A community association manager is a manager of a condominium or homeowners association (including single-family home subdivisions, townhouses, or mixed-use development). The position is frequently confused with a property manager, who deals with individual rental units or a group of rental units, like an apartment complex. The community manager deals with property owners and homeowners.

People with this position are also sometimes called community managers, which is distinct from online community managers.

==Types==

On-site manager: This type of manager works in the community they manages.

Portfolio manager: This type of community manager oversees several communities and is often paid on a commission basis.
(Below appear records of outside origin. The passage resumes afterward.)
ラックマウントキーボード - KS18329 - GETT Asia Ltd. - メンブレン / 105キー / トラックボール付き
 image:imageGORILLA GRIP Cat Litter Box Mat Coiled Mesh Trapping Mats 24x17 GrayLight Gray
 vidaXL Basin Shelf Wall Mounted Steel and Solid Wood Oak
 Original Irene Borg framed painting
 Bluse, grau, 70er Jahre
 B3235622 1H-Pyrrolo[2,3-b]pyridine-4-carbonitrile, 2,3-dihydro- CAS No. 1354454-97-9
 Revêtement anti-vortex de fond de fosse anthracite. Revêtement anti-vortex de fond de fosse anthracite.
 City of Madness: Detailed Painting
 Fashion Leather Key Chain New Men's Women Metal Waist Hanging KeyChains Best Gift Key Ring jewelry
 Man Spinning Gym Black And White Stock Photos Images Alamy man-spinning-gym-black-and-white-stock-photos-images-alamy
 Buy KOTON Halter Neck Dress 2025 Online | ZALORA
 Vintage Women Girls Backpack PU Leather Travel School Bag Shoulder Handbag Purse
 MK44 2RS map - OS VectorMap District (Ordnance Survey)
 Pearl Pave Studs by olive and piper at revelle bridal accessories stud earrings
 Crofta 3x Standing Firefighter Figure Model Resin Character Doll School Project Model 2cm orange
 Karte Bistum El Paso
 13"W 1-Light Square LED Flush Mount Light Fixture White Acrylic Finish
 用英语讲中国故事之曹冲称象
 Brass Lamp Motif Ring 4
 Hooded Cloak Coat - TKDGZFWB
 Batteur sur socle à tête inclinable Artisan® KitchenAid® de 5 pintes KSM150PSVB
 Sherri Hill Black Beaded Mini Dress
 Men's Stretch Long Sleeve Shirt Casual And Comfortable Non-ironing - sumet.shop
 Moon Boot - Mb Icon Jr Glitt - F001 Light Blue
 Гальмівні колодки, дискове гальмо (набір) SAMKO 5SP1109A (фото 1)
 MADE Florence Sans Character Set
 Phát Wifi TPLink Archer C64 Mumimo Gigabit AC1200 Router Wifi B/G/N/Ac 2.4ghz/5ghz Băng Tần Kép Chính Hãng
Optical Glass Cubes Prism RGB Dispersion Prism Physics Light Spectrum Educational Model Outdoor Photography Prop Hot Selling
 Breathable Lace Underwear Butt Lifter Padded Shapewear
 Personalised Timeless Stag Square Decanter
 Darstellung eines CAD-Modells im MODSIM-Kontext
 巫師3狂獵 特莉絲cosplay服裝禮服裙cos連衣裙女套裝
Large-scale manager: Typically, large scale managers are also on-site managers. The Community Associations Institute offers certification for Large-scale managers and notes the following description: This designation allows a professional holding the PCAM (Professional Community Association Manager) designation to specialize in issues facing larger community associations. To be considered for this designation, the candidate must already be a manager of a large-scale community of over 1200 units, 1000 acre and a budget of at least $1.5m.

==Florida==

The state of Florida requires community association managers to hold a license. Performing duties as a CAM without a license is a violation of Florida statutes.

==Credentials==
Organizations like the Community Associations Institute offer rigorous courses for professional managers to obtain their certification. The Community Association Managers International Certification Board's (CAMICB) (A different organization) provides internationally accredited certifications. Some common certifications include Certified Manager of Community Associations (CMCA) offered through the CAMICB, Association Management Specialist (AMS), and Professional Community Association Manager (PCAM). Being able to find a professional management company is an important task for many board members.